The Musée Rath is an art museum in Geneva, used exclusively for temporary exhibitions. Its building is the oldest purpose-built art museum in Switzerland, and the original home of Geneva's Musée d'Art et d'Histoire.

It is located on Place Neuve, in front of the old city walls, next to the Grand Théâtre and near the Conservatoire de Musique.

== History ==
The museum was built between 1824 and 1826 by the architect Samuel Vaucher on behalf of the Société des arts. It was partly paid for with funds that General Simon Rath (1766–1819) had bequeathed to his sisters, Jeanne-Françoise and Henriette Rath, for such a purpose; the remainder was paid by the state of Geneva. Vaucher designed the building as a temple of the muses, inspired by Ancient Greek temples.
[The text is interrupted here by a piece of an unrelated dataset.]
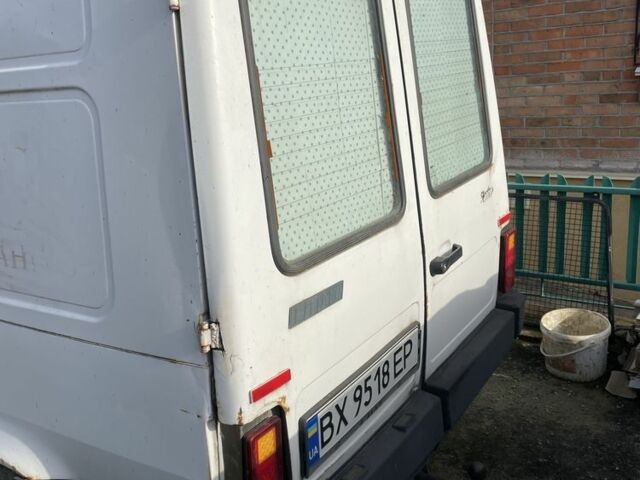 Белый Фиат Fiorino, объемом двигателя 1.7 л и пробегом 3 тыс. км за 1400 $, фото 4 на Automoto.ua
From 1826 to 1872, the school École Supérieure des Beaux-Arts, Genève was located in the basement of the Musée Rath.

At first the museum was used for both permanent and temporary exhibitions, as well as art teaching and as a cultural meeting place. By 1880 it had become too small for its collections. Since the opening of the larger Musée d'Art et d'Histoire in 1910, the Musée Rath has been devoted to temporary exhibitions of Swiss and international art, and archaeology.

Between 1916 and 1919 the museum was closed and the building was used for the Red Cross's International Prisoners-of-War Agency.

The museum has been owned by the city of Geneva since 1851. The building has been under cultural heritage management since 1921.